Leonore
Stangherlin

urbanist

Aiming at better cities for people and climate.

Léonore Stangherlin is a passionate changemaker, aiming at creating better cities for people and climate. She broadly defines “better” in terms of cities enabling humans to thrive and live a “good life” together, within planetary boundaries and the respect for the web of life.

Léonore is a value-oriented person and a multi-disciplinary mind, enabling her to understand issues in their multidimensional perspective and intersectional aspects. She has lived abroad for years before coming back to her hometown Geneva. She lived first in Leipzig where she studied political science and was politically active in refugees rights movements, then in London, where she studied economics and social psychology at the London School of Economics (LSE). It is during her masters at LSE that she fell in love with urban planning through her participation in LSE Cities courses. Her research included topics such as participatory budgeting, sustainable mobility and Barcelona’s Superblock model. 

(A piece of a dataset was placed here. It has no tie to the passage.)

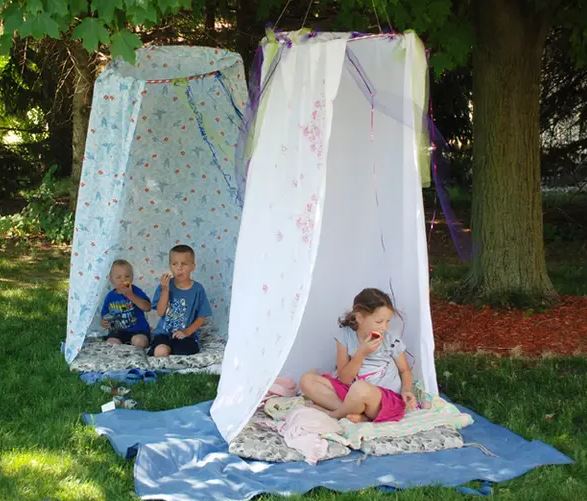 Backyard hula hoop tent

Cities are collective entities where a diversity of actors constantly negotiate space and practices. For Leonore, it is what participative and inclusive approach to urban planning is about: defining ambitious collective visions about how these actors want to live - together and with nature - and implementing them in a pragmatic way. She believes in the value of transitory interventions as a prefigurative tool for wishable futures. 

She’s very interested in…

  • housing : models of co-living, cooperative habitat, multigenerational settings
  • public spaces : community-empowering, gender-sensitive design, risky playgrounds
  • ecology : nature-food-water nexus in urban setting, ecology and public health, urban plantations and collective gardens.  
  • economy : strengthening circular and local economies  
  • mobility : sustainable/active mobility, modal transfer, rural-urban relationship
  • culture : strategies for urban nightlife, the economics of cultural spaces

Beyond work, Léonore is also crazy about swing, an african-american social dance based on jazz music from the 30s and 40s. Jazz always reminds her about the values of constraints, which enable greater creativity and innovation within.